I push him down onto the bed and he lands on his back, and I follow him down, straddling his hips, and the look on his face when I do — that particular combination of composed and completely undone — is the one I've been planning for. His hands settle at my waist, warm and steady, and he lets me have it. He is very good at waiting when he's decided waiting is worth it.
I take my time. Beck's skin is warm everywhere and I've learned it the way you learn a place you intend to stay — the slope of his shoulders, the scar below his left collarbone from a ladder incident he described in exactly three words, the way his breath shortens when I press my mouth to the base of his throat. His hands tighten at my waist. He keeps them there, gripping hard, because I haven't given him permission to move them yet and we both know it.
His eyes track every move I make. When I sit up and reach back to unhook my bra his jaw tightens, and when it falls away and I drop it off the side of the bed his exhale is slow and deliberate, the kind that means he is exercising significant self-control.
Good.
I take his hands from my waist and move them where I want them. His palms cover my breasts and he watches my face when he does it — that cataloging attention fully deployed — and when his thumbs drag slow circles over my nipples my breath catches loud enough that there's no pretending otherwise. He does it again, a little harder, and my hips roll against him involuntarily.
"You're going to be insufferable about this," he says. Not to the ceiling this time.
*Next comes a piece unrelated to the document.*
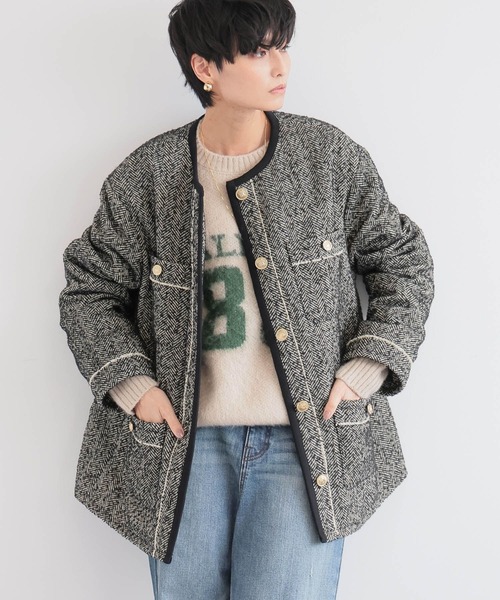 BARNYARDSTORM（バンヤードストーム）の「BARNYARDSTORM / ヘリンボーン中綿ジャケット（ノーカラーコート・レディース・ブラック・S/M）」の15枚目の写真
To me, watching me.
"I have no idea what you mean," I say, which comes out considerably less composed than I'd like.
"The look on your face right now."
"I'm not making a face."
His thumbs move again, and he rolls my nipples between his fingers, and whatever I was going to say next evaporates entirely.
"You were saying?" he asks.
I lean down and kiss him hard to end the argument. His hands stay on my breasts, warm and certain, and I feel everything he does from my chest down to where I'm pressed against him, and I decide the argument can stay ended. When I reach down between us and wrap my hand around him his breath punches out against my mouth, and I feel him shudder, and that shudder is its own very satisfying victory.
"Gemma." My name in that register, rough at the edges.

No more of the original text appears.